§ **MATERIAL FOR THE TASK**:

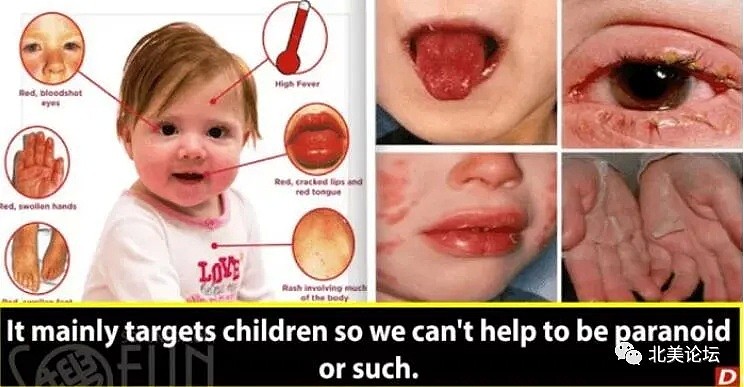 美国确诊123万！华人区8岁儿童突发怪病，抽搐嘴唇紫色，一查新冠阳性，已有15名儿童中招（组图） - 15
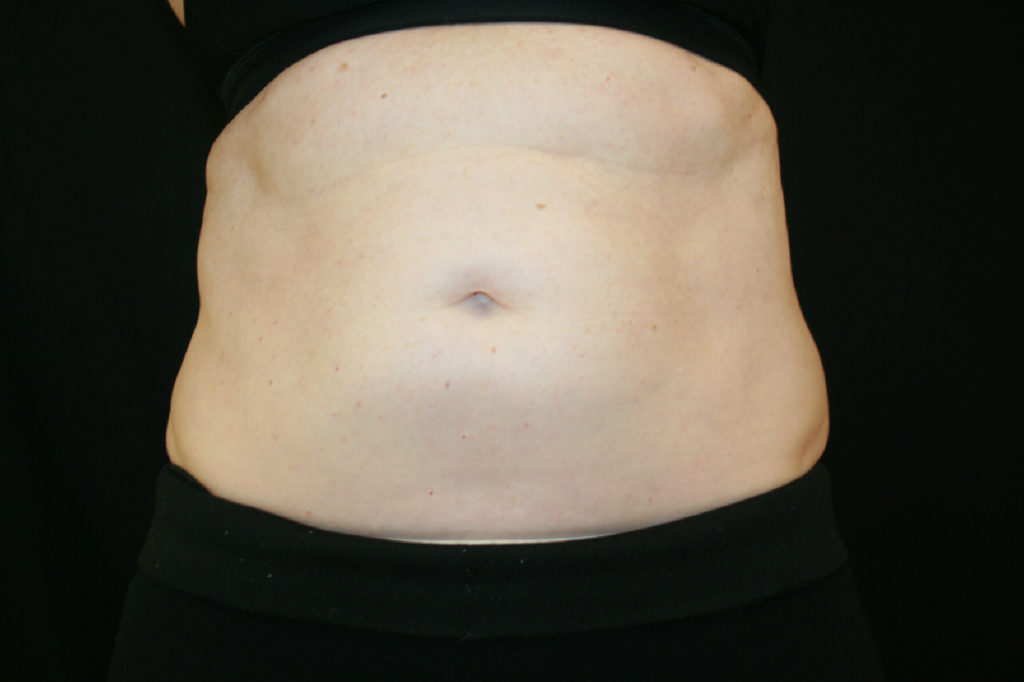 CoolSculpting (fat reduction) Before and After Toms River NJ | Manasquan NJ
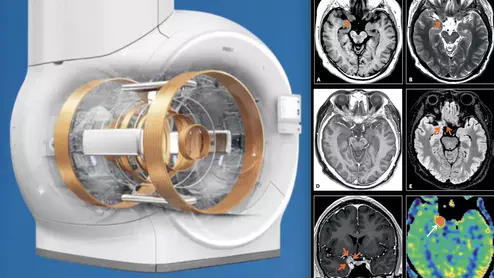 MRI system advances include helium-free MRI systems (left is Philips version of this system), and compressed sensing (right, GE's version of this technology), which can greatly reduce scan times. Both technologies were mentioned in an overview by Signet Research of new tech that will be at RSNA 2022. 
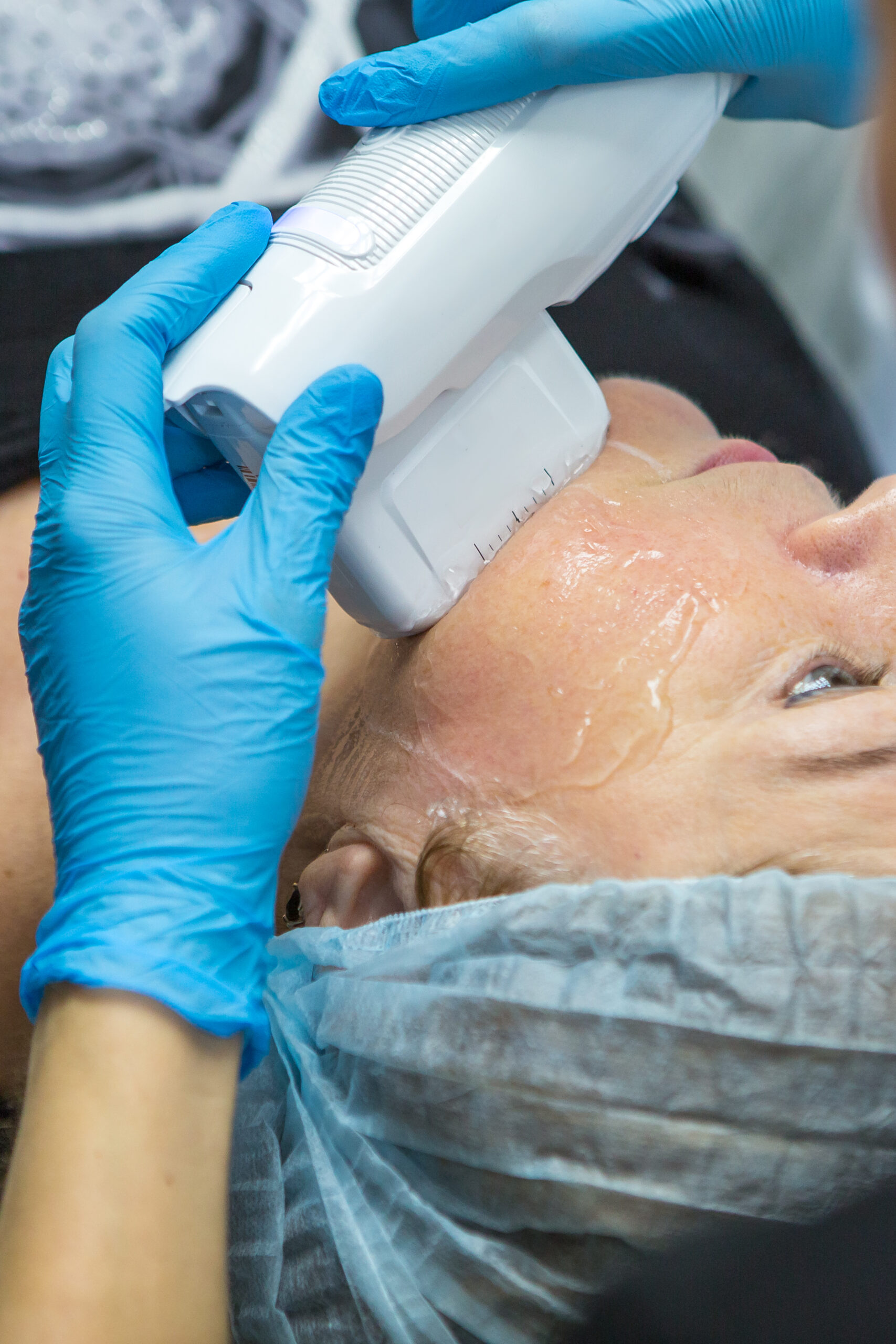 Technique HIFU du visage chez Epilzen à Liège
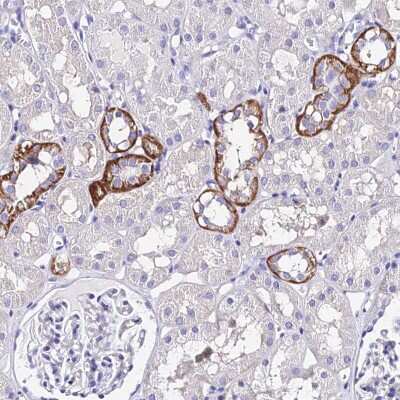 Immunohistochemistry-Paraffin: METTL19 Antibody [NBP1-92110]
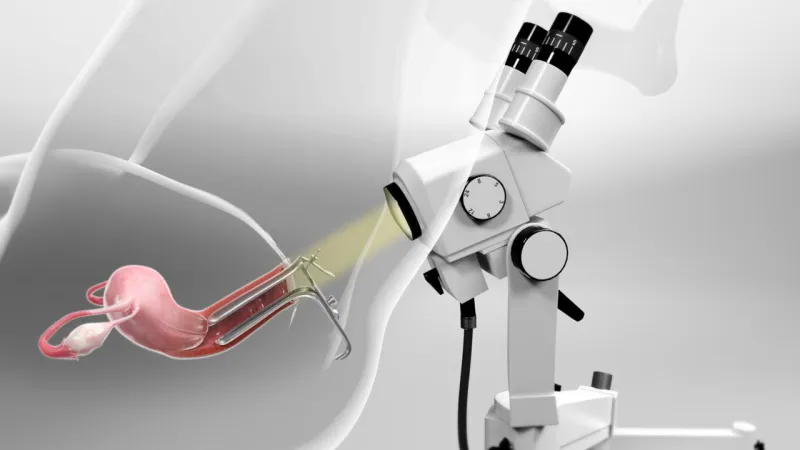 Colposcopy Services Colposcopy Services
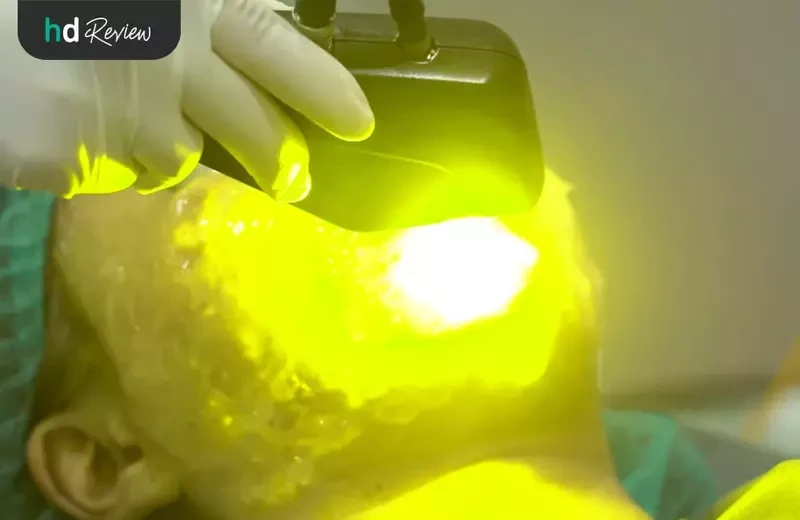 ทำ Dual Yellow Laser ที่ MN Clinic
==
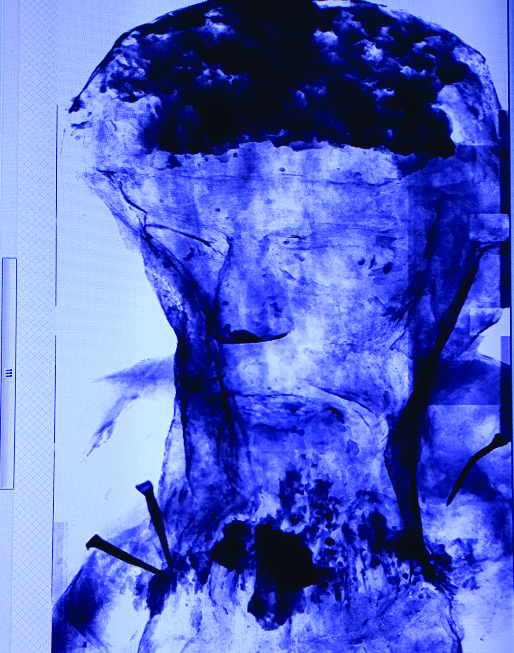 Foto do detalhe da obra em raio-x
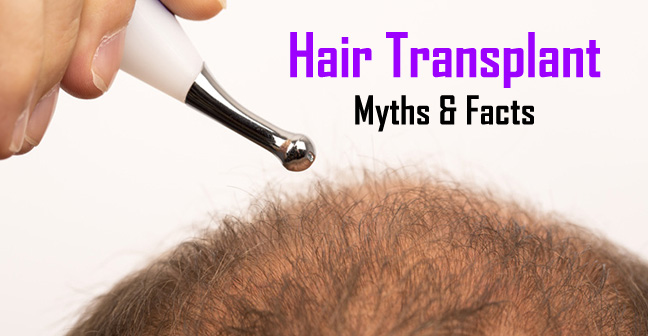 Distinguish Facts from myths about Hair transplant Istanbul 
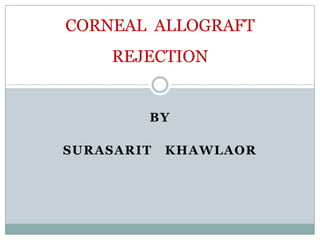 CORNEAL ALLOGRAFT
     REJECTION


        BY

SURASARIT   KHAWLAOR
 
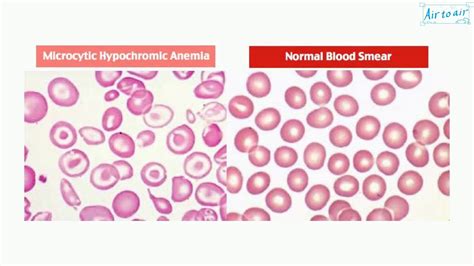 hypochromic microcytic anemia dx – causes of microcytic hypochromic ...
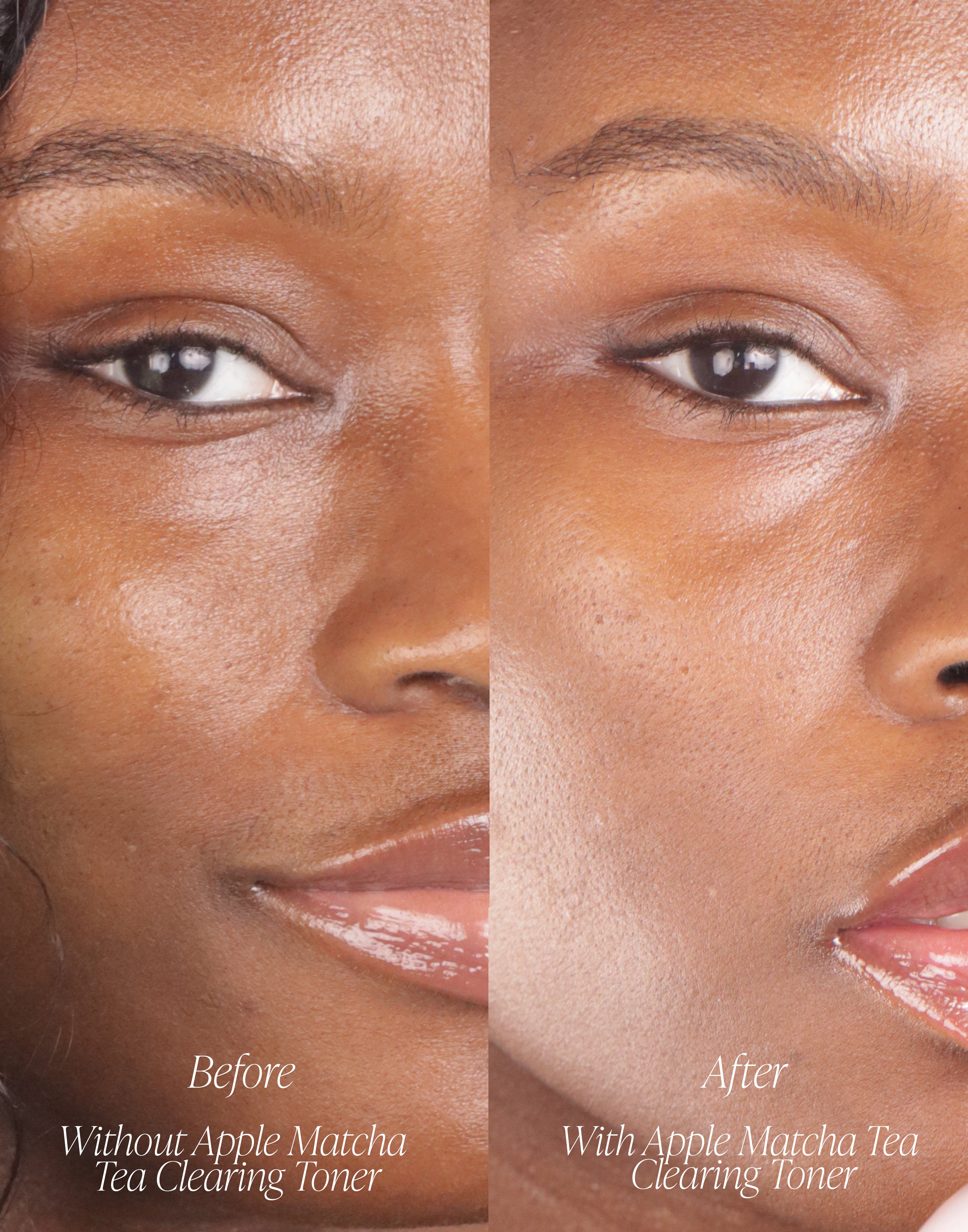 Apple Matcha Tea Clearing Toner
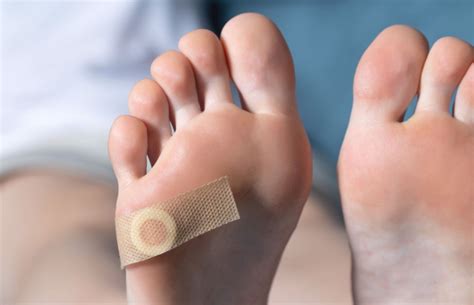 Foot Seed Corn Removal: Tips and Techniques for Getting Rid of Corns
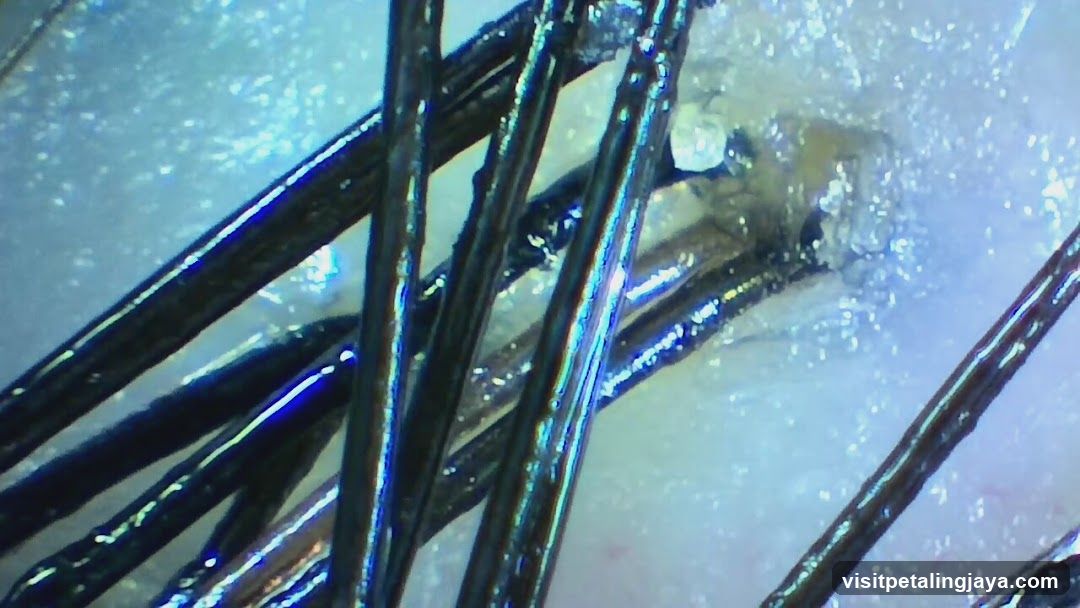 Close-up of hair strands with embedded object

§ **WORK TASK**: Your reply is to be an exact repeat of the listing above from the line holding "美国确诊123万！华人区8岁儿童突发怪病，抽搐嘴唇紫色，一查新冠阳性，已有15名儿童中招（组图） - 15" down to the line holding "CoolSculpting (fat reduction)", ends included, pictures excluded.

§ **RESPONSE BELOW**:
 美国确诊123万！华人区8岁儿童突发怪病，抽搐嘴唇紫色，一查新冠阳性，已有15名儿童中招（组图） - 15
 CoolSculpting (fat reduction) Before and After Toms River NJ | Manasquan NJ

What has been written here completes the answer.